Em meio a tanto deslumbramento, tanta ganância, uma sociedade que vive de likes e selfies 24 horas por dia e um sentimento de estarmos caminhando dia a dia rumo ao fundo do poço, é louvável se deparar com um artista que almeja como primeiro objetivo mostrar (seja musicalmente, literariamente, cinematograficamente, etc) o lado simples da vida.
Temos muito - muito mesmo! - a aprender com as gerações passadas, aquelas da época em que viver no subúrbio era ver seus vizinhos com as cadeiras na rua, em frente as suas casas, conversando uns com os outros até de noite. Essa cena parece ter um século, mas não! Não faz tanto tempo assim. E o país era outro.

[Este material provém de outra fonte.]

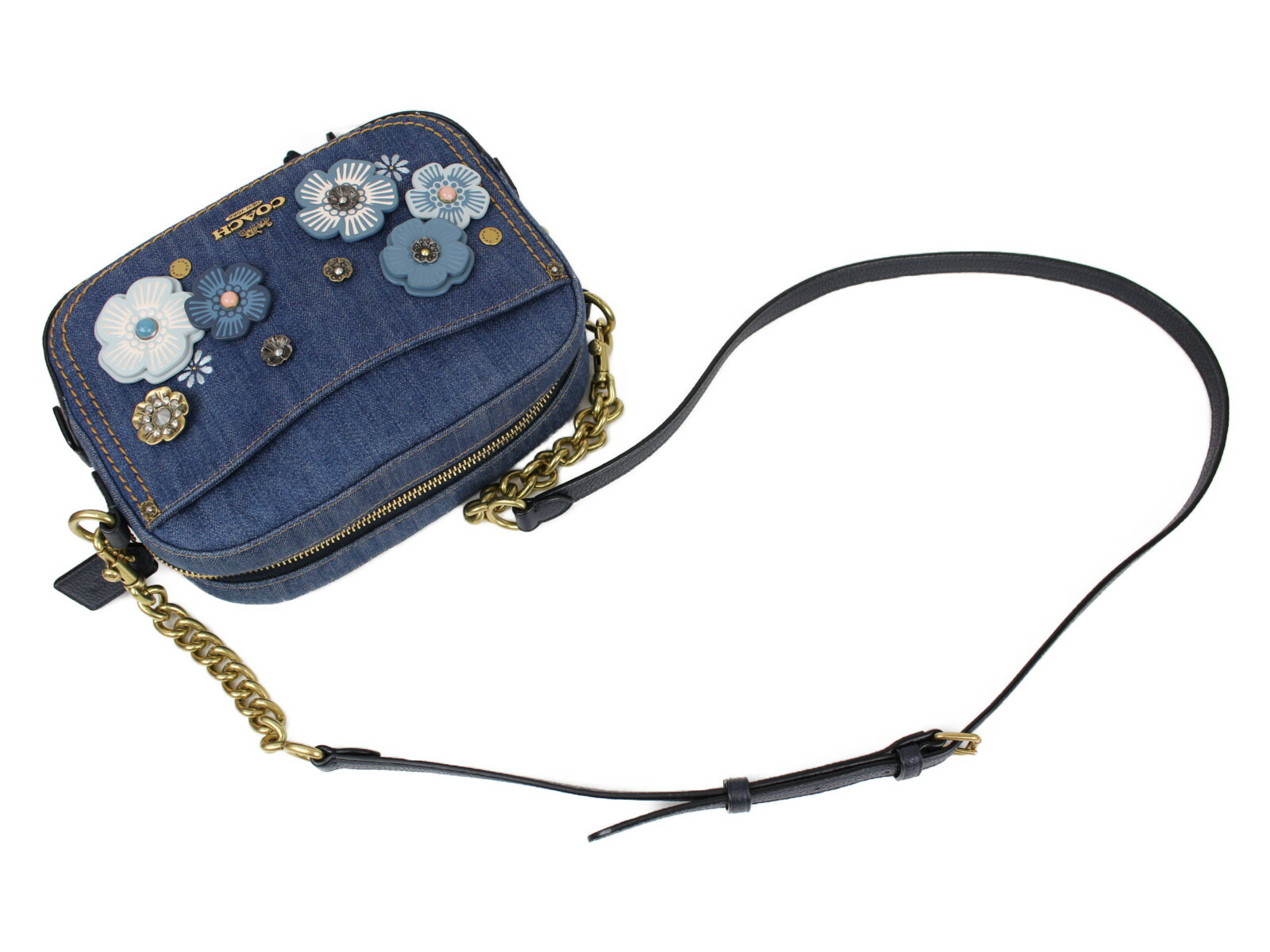 楽天市場】 COACH コーチ カメラバッグ ウィズティーローズ 68224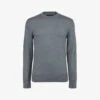 AllSaints Mode Ramskull-embroidered Wool Jumper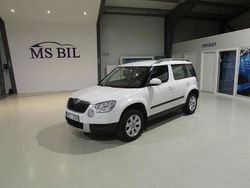 Vit Begagnad 2011 Skoda Yeti Ambition SUV | 69 900 kr (Lite dyr)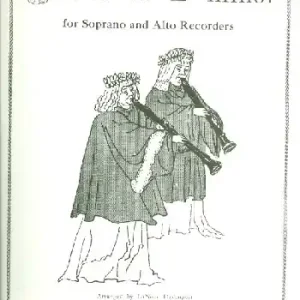 Partita e minor for soprano and alto recorder Aktuell
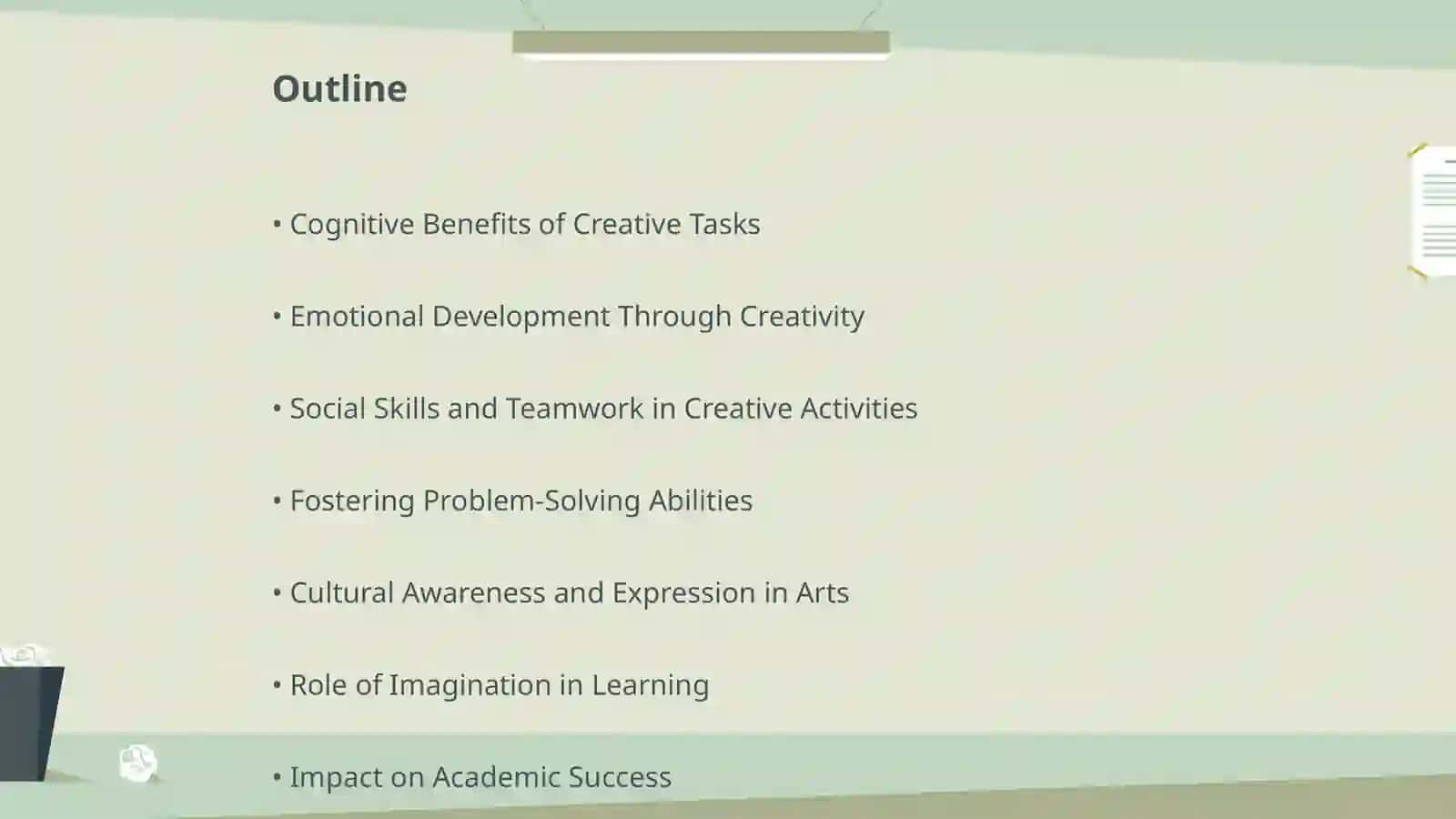The importance of creative tasks for children 2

A coleção de tiras Material poético, de Evandro Alves, resgata grande parte desse sentimento através de traços simples (sim, não esperem a exuberância de um Moebius ou a narrativa forte e denunciatória de um Frank Miller. Não se trata disso o projeto!) e uma nostalgia que, cá entre nós, não cabe no coração de quem viveu esse período.

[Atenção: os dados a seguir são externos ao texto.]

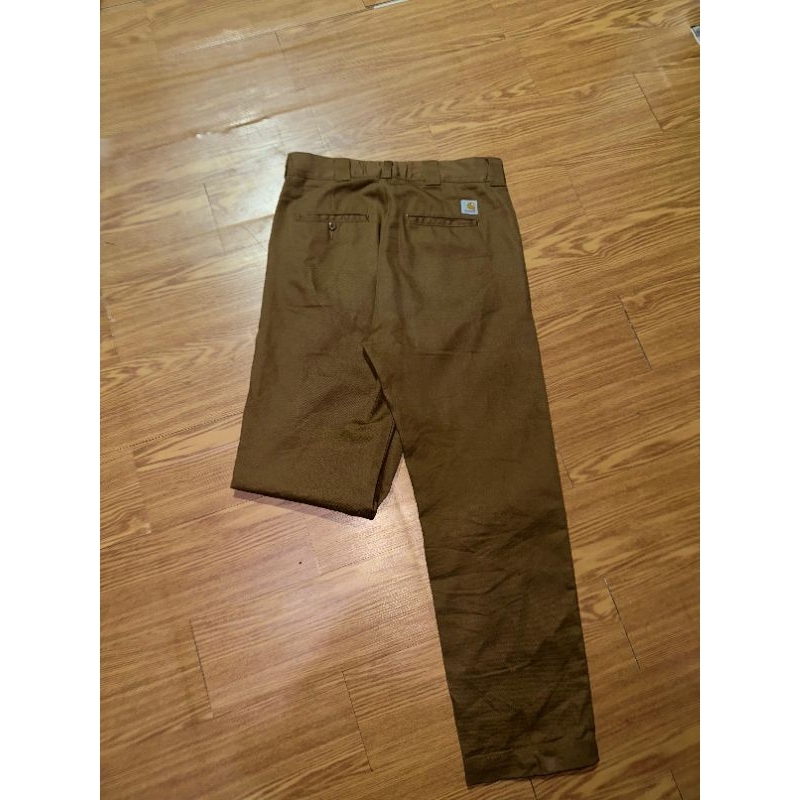 CARHARTT COKLAT ORIGINAL TAG LENGKAP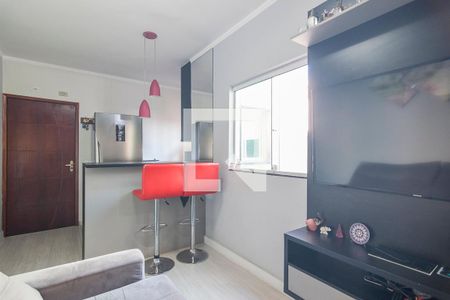 Sala de apartamento para alugar com 2 quartos, 80m² em Parque Capuava, Santo André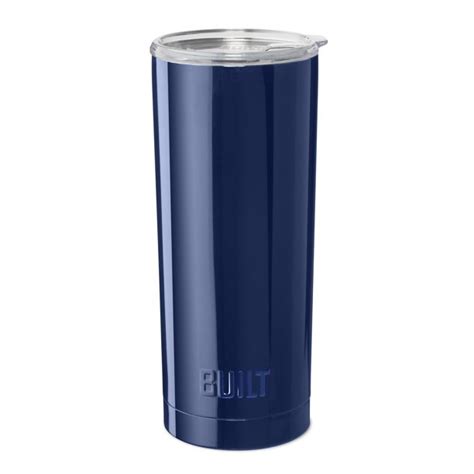 Built 20 Ounce Double Wall Stainless Steel Tumbler In Medieval Blue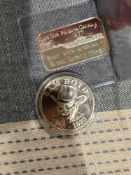 vintage Sam's Town and save our Panama canal minted in Idaho silver 1 oz each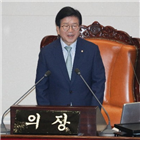 통합,본회의,국회,여야,협상,의장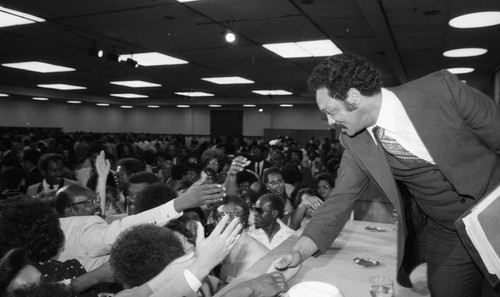 72nd Annual Urban League Convention, Los Angeles, 1982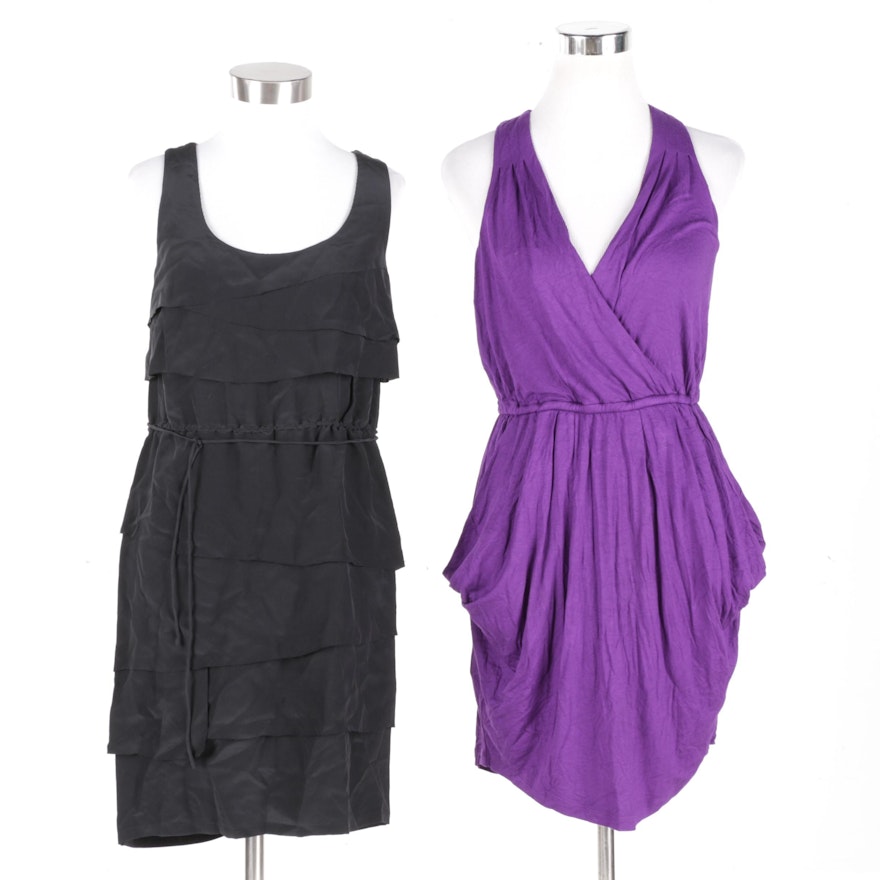 Pair of Sleeveless Dresses featuring BCBGeneration and Julie Dillon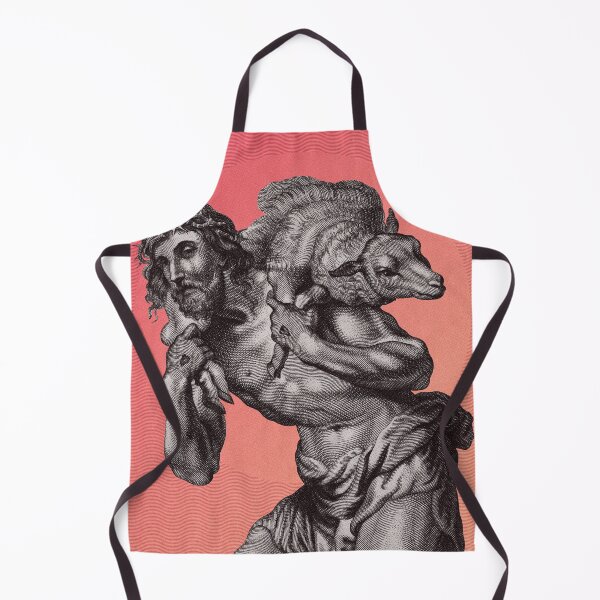 Item preview, The Good Shepherd – Engraved Halftone designed and sold by InnerCitadel.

Alves dirige seu olhar para as cidades do interior que ainda resistem à megalomania da malfadada globalização. Nos apresenta pássaros voando, netos que esperam a benção de suas avós antes de dormir, meninos ávidos para pegarem frutas no pé, insetos namorando flores, o caminhar descalço pelas ruas das pessoas mais humildes, os cachorros que seguem os malucos que existem em qualquer cidade, um simples pôr-do-sol aqui, uma singela flor de mandacaru ali, uma andorinha solitária acolá...
...e isso (acreditem!) é só o começo de um grande "ensaio sobre o que a vida poderia ser, se quiséssemos, mas na maioria das vezes preferimos o caminho mais controverso, o do status a qualquer preço".

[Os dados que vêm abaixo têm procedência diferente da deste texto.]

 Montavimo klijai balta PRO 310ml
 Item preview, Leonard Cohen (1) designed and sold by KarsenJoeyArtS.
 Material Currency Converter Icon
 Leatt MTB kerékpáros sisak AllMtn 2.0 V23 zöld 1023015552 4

Gosto da paleta de cores usada pelo artista e, principalmente, da sensação de rabisco em suas imagens. Eles dão, juntos, uma conotação de obra crua ao trabalho, que é sublime. Afinal de contas, quem foi que disse que sofisticação, exagero, CGI, imagens pixeladas e outras bobagens que só encarecem o processo muitas vezes funcionam sempre?
Ao fim da leitura me lembrei dos meus tempos de ler gibi da Turma da Mônica (antes que a MSP se tornasse o que é hoje, uma empresa que só visa o lucro e a hipocrisia) e os saudosos Almanaque Disney que, hoje em dia, mal e porcamente encontramos em algum sebo ou vendedor de coisas antigas em feiras livres de bairro.
A vida, meus caros leitores, pode sim ser simples (mesmo que agora apenas numa HQ - o que é uma pena, convenhamos!). Contudo, que continuemos a sonhar com dias melhores, pois isso ainda é de graça.